YOUR ASSIGNMENT → Start to finish, print the entries exactly, and carry none of the pictures over.
□ □ □ □ □ □ □
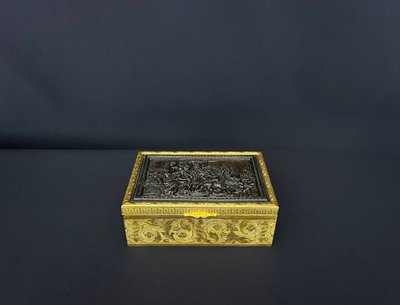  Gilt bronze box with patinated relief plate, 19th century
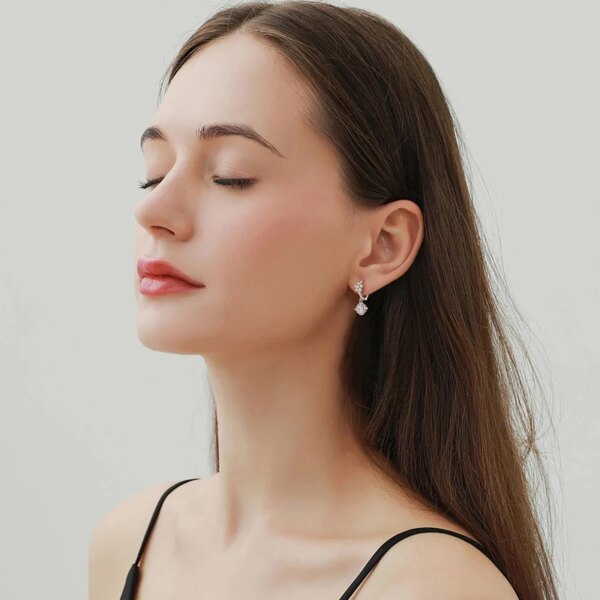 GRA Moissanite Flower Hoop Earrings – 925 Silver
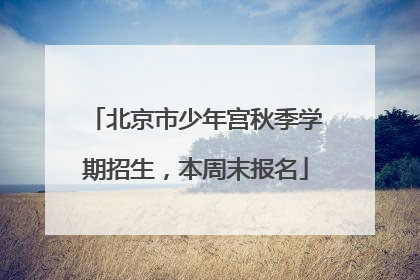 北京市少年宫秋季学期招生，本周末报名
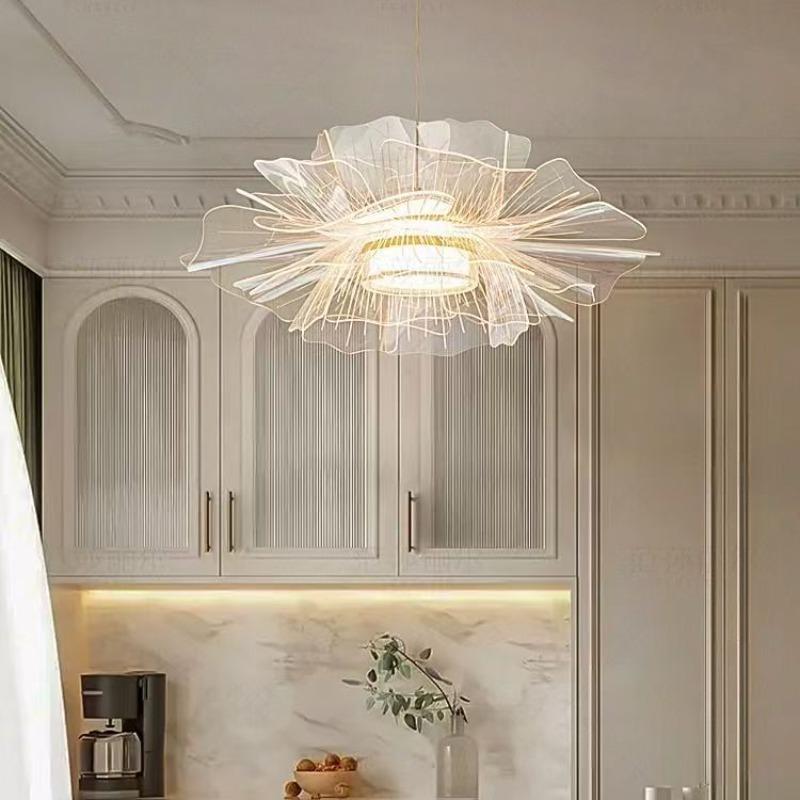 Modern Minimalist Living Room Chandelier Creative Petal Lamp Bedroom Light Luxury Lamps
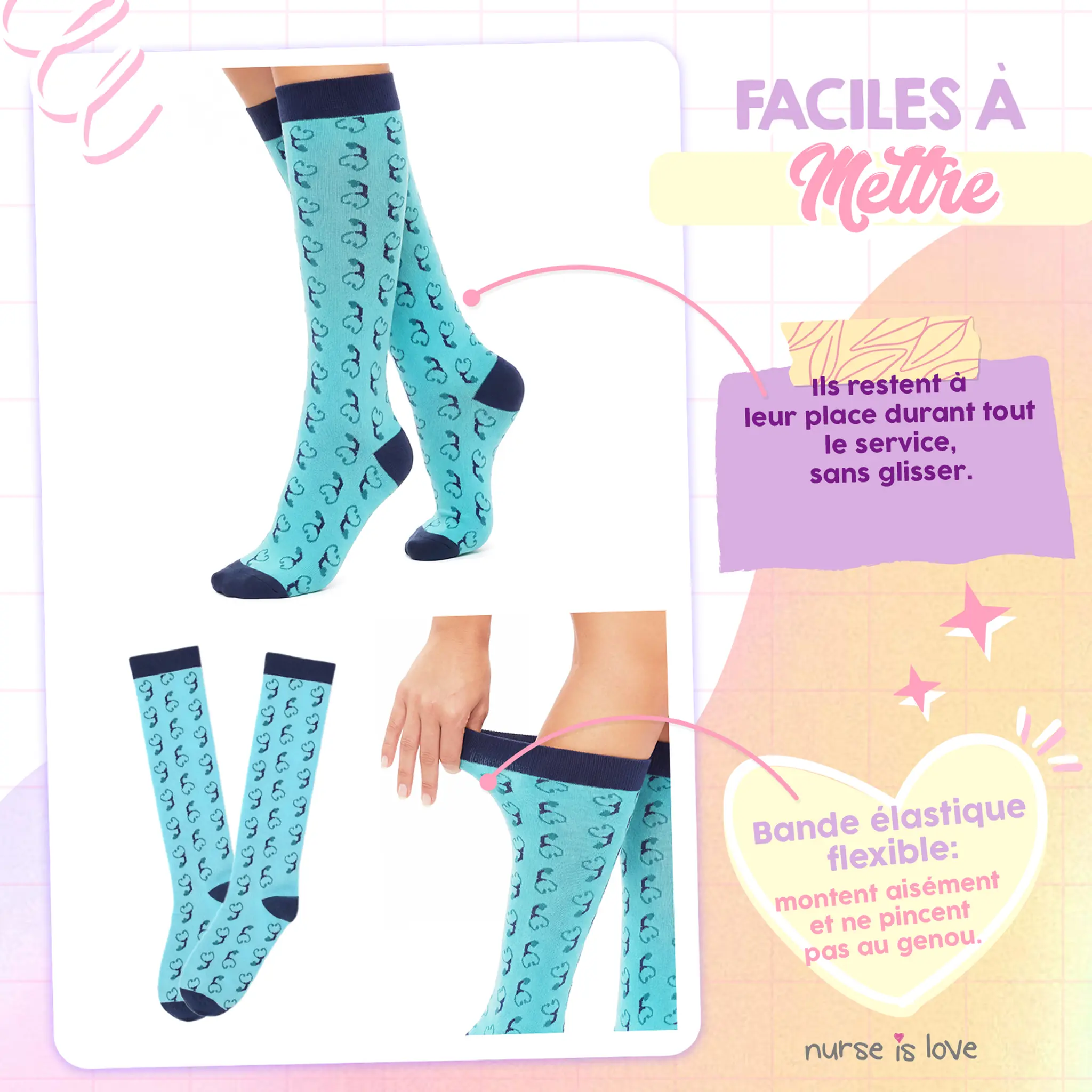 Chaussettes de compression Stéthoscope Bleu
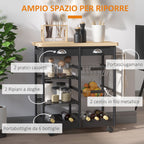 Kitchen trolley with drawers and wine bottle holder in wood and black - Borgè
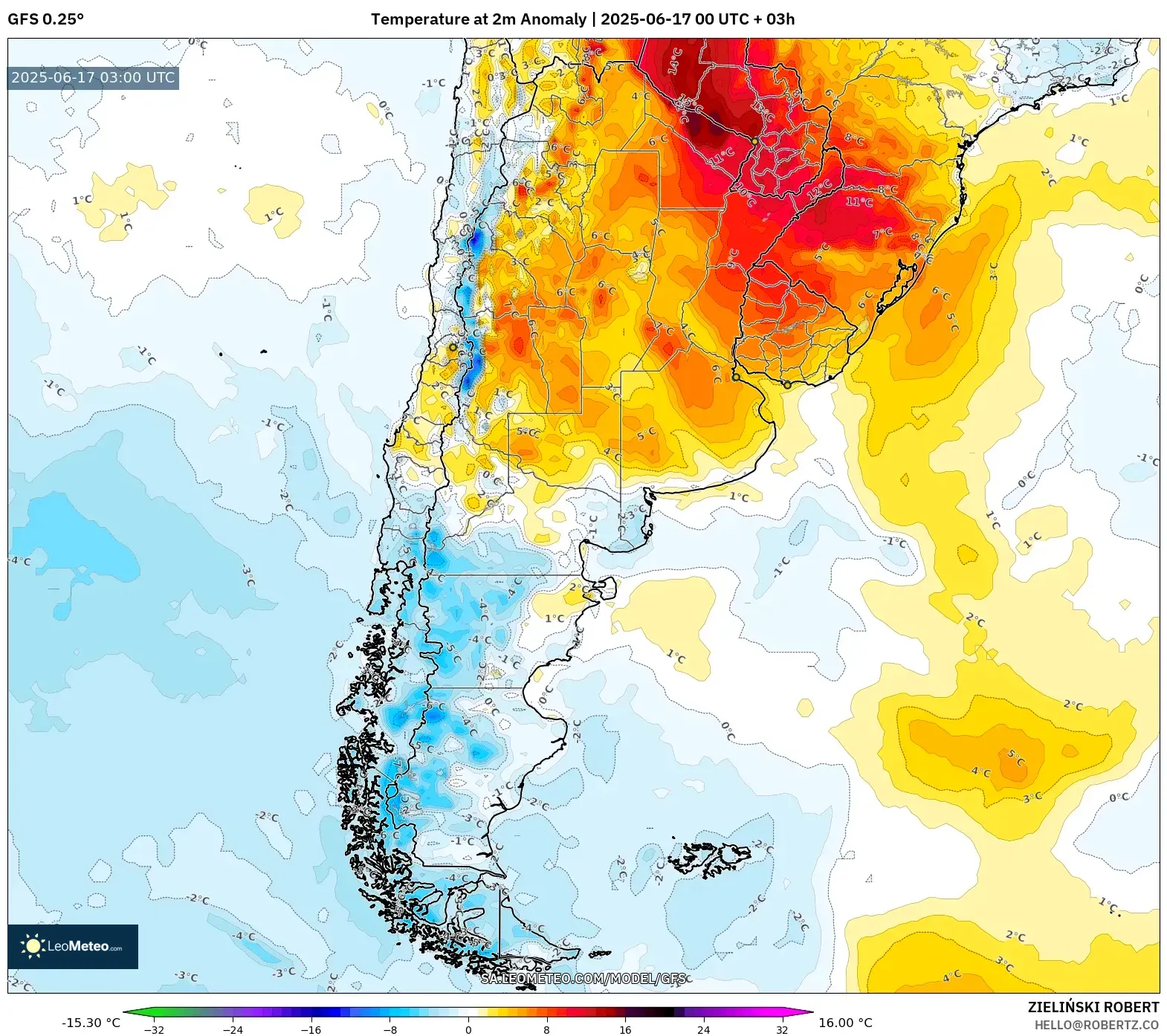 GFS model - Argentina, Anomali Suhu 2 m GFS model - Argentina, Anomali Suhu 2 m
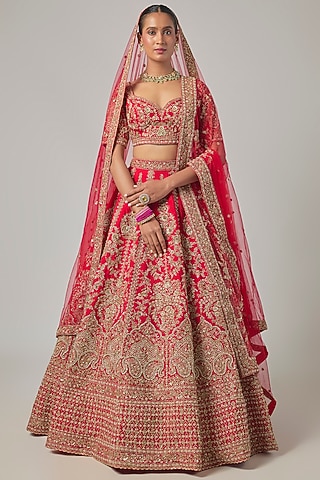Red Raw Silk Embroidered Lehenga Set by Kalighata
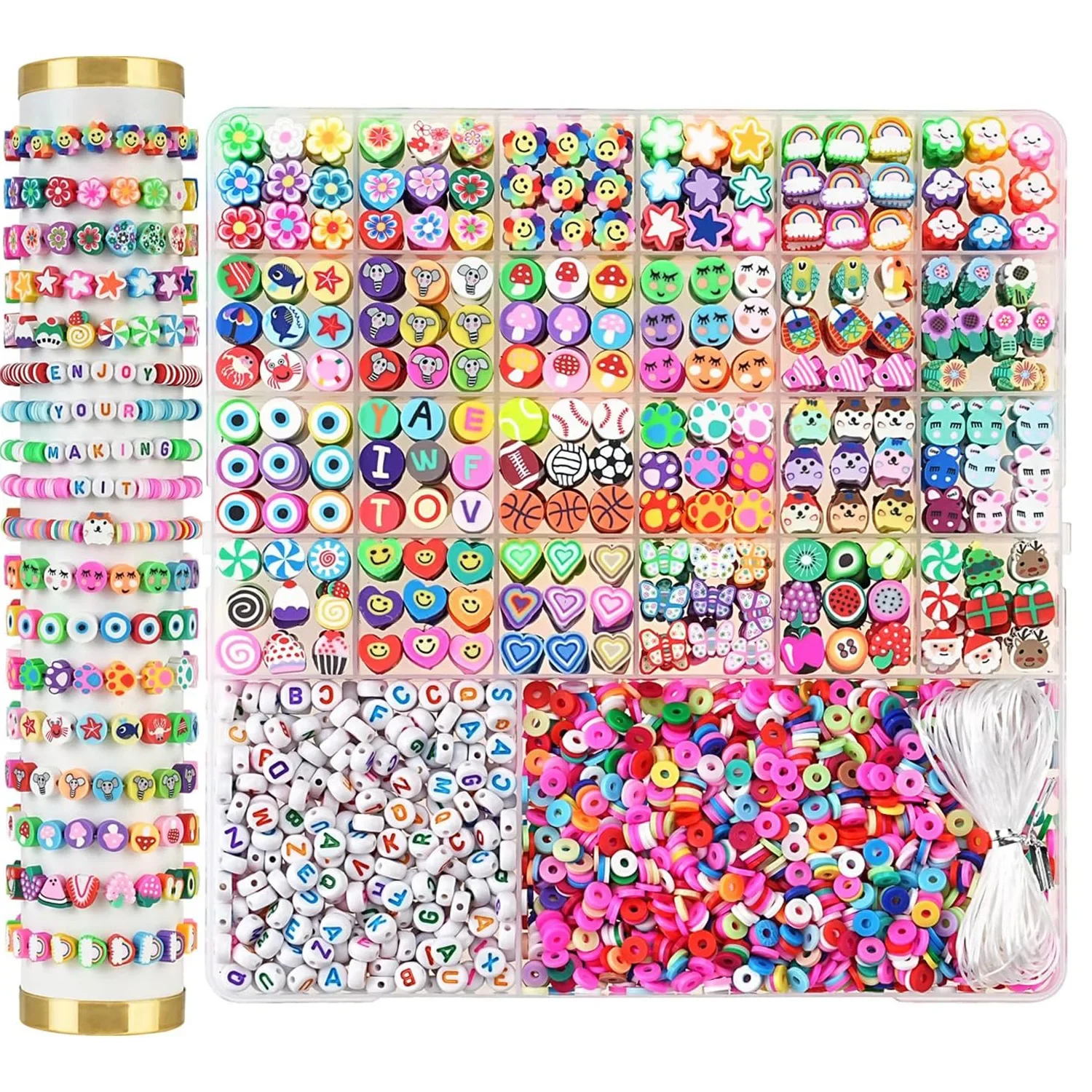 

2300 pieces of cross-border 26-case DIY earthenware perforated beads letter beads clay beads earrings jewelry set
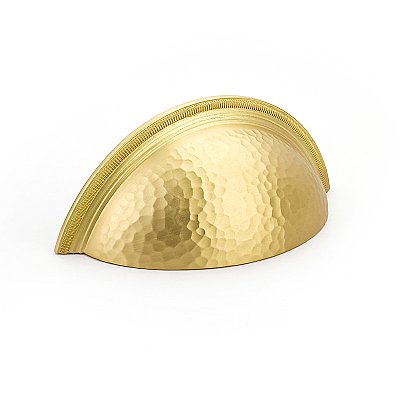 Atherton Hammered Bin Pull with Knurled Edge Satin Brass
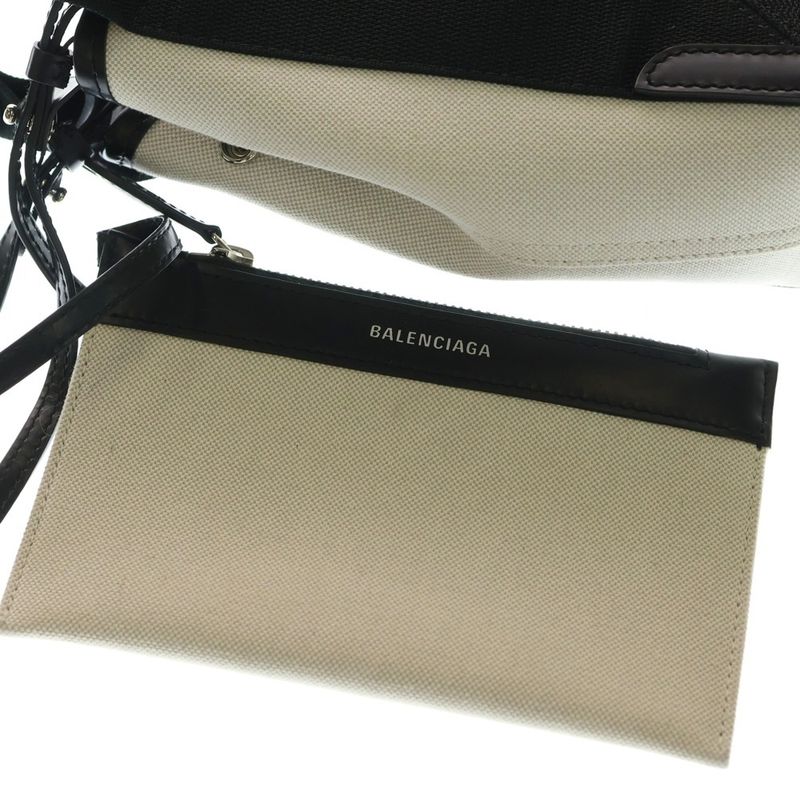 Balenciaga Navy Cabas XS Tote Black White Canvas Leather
□ □ □ □ □ □ □
TASK RESPONSE →
  Gilt bronze box with patinated relief plate, 19th century
 GRA Moissanite Flower Hoop Earrings – 925 Silver
 北京市少年宫秋季学期招生，本周末报名
 Modern Minimalist Living Room Chandelier Creative Petal Lamp Bedroom Light Luxury Lamps
 Chaussettes de compression Stéthoscope Bleu
 Kitchen trolley with drawers and wine bottle holder in wood and black - Borgè
 GFS model - Argentina, Anomali Suhu 2 m GFS model - Argentina, Anomali Suhu 2 m
Red Raw Silk Embroidered Lehenga Set by Kalighata

2300 pieces of cross-border 26-case DIY earthenware perforated beads letter beads clay beads earrings jewelry set
 Atherton Hammered Bin Pull with Knurled Edge Satin Brass
 Balenciaga Navy Cabas XS Tote Black White Canvas Leather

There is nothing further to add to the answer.